━━ Information shown

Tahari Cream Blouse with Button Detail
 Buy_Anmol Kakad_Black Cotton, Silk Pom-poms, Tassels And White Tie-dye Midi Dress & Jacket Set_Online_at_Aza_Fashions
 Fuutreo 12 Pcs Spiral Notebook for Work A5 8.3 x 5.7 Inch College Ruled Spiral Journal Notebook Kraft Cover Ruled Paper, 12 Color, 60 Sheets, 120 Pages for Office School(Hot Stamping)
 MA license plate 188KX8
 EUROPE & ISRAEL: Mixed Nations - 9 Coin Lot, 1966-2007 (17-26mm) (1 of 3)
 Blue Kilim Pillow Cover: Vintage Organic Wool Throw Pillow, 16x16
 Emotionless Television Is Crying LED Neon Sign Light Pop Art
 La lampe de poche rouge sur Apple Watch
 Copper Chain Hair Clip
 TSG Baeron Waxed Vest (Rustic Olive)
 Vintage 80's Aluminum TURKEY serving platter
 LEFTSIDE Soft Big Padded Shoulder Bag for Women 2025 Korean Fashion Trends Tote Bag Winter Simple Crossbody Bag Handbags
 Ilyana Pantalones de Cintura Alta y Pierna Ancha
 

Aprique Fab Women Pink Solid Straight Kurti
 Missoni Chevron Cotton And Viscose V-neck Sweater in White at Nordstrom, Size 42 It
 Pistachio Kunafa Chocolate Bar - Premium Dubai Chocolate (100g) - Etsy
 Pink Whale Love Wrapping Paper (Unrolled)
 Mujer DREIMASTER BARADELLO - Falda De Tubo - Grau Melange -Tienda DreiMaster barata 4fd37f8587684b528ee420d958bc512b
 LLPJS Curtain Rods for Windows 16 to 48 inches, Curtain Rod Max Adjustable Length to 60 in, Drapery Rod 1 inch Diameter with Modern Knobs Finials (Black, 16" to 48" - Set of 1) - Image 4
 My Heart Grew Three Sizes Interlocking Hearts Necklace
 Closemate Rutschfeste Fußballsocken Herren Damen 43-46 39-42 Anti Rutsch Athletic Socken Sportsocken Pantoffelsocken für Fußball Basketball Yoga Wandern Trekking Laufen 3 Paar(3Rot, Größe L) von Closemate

━━━━

Work instruction
Return exactly the lines of the listing that run from the one containing "Aprique Fab Women Pink Solid Straight Kurti" through the last, and no others.

Answer area
Aprique Fab Women Pink Solid Straight Kurti
 Missoni Chevron Cotton And Viscose V-neck Sweater in White at Nordstrom, Size 42 It
 Pistachio Kunafa Chocolate Bar - Premium Dubai Chocolate (100g) - Etsy
 Pink Whale Love Wrapping Paper (Unrolled)
 Mujer DREIMASTER BARADELLO - Falda De Tubo - Grau Melange -Tienda DreiMaster barata 4fd37f8587684b528ee420d958bc512b
 LLPJS Curtain Rods for Windows 16 to 48 inches, Curtain Rod Max Adjustable Length to 60 in, Drapery Rod 1 inch Diameter with Modern Knobs Finials (Black, 16" to 48" - Set of 1) - Image 4
 My Heart Grew Three Sizes Interlocking Hearts Necklace
 Closemate Rutschfeste Fußballsocken Herren Damen 43-46 39-42 Anti Rutsch Athletic Socken Sportsocken Pantoffelsocken für Fußball Basketball Yoga Wandern Trekking Laufen 3 Paar(3Rot, Größe L) von Closemate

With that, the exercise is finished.